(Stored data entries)
+-------+
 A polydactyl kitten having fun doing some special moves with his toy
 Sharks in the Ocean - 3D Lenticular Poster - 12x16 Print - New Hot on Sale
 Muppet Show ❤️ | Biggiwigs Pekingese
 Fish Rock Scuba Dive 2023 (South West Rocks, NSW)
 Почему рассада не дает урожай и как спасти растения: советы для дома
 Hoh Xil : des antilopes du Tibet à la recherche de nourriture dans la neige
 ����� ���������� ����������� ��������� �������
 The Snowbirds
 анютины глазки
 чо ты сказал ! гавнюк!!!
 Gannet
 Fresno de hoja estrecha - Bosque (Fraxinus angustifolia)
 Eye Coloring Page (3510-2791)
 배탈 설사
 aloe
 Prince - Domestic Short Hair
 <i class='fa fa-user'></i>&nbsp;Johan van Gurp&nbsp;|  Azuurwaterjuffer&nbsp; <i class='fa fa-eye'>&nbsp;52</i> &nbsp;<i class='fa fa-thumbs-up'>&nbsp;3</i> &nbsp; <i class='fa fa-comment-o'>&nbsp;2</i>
+-------+
To do:
Write out all of the records word for word.

Worked solution:
 A polydactyl kitten having fun doing some special moves with his toy
 Sharks in the Ocean - 3D Lenticular Poster - 12x16 Print - New Hot on Sale
 Muppet Show ❤️ | Biggiwigs Pekingese
 Fish Rock Scuba Dive 2023 (South West Rocks, NSW)
 Почему рассада не дает урожай и как спасти растения: советы для дома
 Hoh Xil : des antilopes du Tibet à la recherche de nourriture dans la neige
 ����� ���������� ����������� ��������� �������
 The Snowbirds
 анютины глазки
 чо ты сказал ! гавнюк!!!
 Gannet
 Fresno de hoja estrecha - Bosque (Fraxinus angustifolia)
 Eye Coloring Page (3510-2791)
 배탈 설사
 aloe
 Prince - Domestic Short Hair
 <i class='fa fa-user'></i>&nbsp;Johan van Gurp&nbsp;|  Azuurwaterjuffer&nbsp; <i class='fa fa-eye'>&nbsp;52</i> &nbsp;<i class='fa fa-thumbs-up'>&nbsp;3</i> &nbsp; <i class='fa fa-comment-o'>&nbsp;2</i>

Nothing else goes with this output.